## Exercise goal
Only the lines from the one that contains "prodam predni leve svetlo audi a6 4f - 3" to the last line below, both included, should be transcribed. Pictures stay out of the copy.

## Provided data
[Start of section]
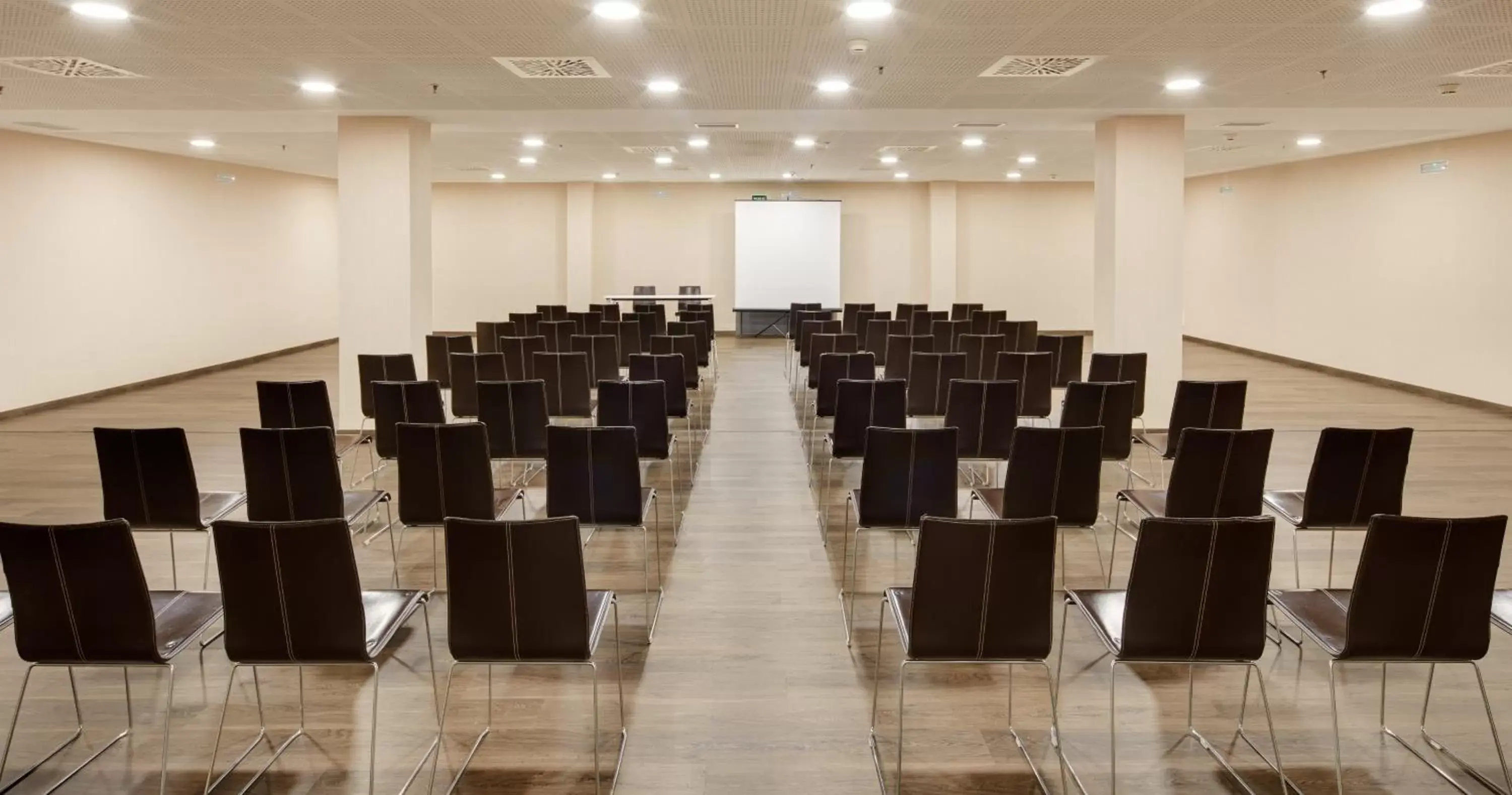 Meeting/conference room in Sercotel Plaza Feria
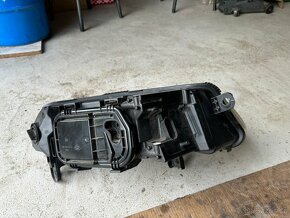prodam predni leve svetlo audi a6 4f - 3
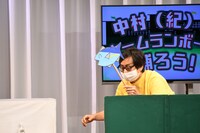 「魚（うお）ームラン」に挑戦するおいでやす小田。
[End of section]
## Solution
prodam predni leve svetlo audi a6 4f - 3
 「魚（うお）ームラン」に挑戦するおいでやす小田。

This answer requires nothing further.